4 ounces cream cheese, at room temperature
2 large eggs
1/4 cup flour, such as almond, coconut, or all-purpose
1/2 teaspoon baking powder
1/4 teaspoon fine salt
Cooking spray or butter, for greasing the pan
Sliced strawberries and powdered sugar, or maple syrup, for serving
Place the cream cheese, eggs, flour, baking powder, and salt in a blender and blend until smooth.
Heat a large nonstick frying pan over medium heat. Coat with cooking spray or butter. Once the butter is melted, pour in 2 to 3 tablespoons of the batter. Cook until deep golden-brown on the bottom, about 3 minutes. Flip and cook until the second side is golden-brown, 1 to 2 minutes more. Transfer to a plate.
Repeat with cooking remaining batter. Serve with sliced strawberries and powdered sugar or a drizzle of maple syrup.
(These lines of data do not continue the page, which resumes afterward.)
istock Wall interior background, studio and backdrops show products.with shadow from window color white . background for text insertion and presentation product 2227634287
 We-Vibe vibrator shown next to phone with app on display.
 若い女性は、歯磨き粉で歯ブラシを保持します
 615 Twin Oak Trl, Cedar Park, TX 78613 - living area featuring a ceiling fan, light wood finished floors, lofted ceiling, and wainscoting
Make sure the batter is perfectly smooth before you begin cooking; start with room-temperature cream cheese. If you want to add a pinch of sugar, a dash of cinnamon, or even a splash of vanilla, go right ahead. I prefer them plain so I can load them up with flavorful toppings. You could even up the cheesiness of these tangy pancakes with a handful of shredded Parmesan or cheddar cheese and take them to the savory side.
Wait to flip. Give the batter enough time to set before cooking the other side. Three minutes gives a golden, lacy appearance.
Storage: Leftovers can be stored in an airtight container in the refrigerator for up to 5 days.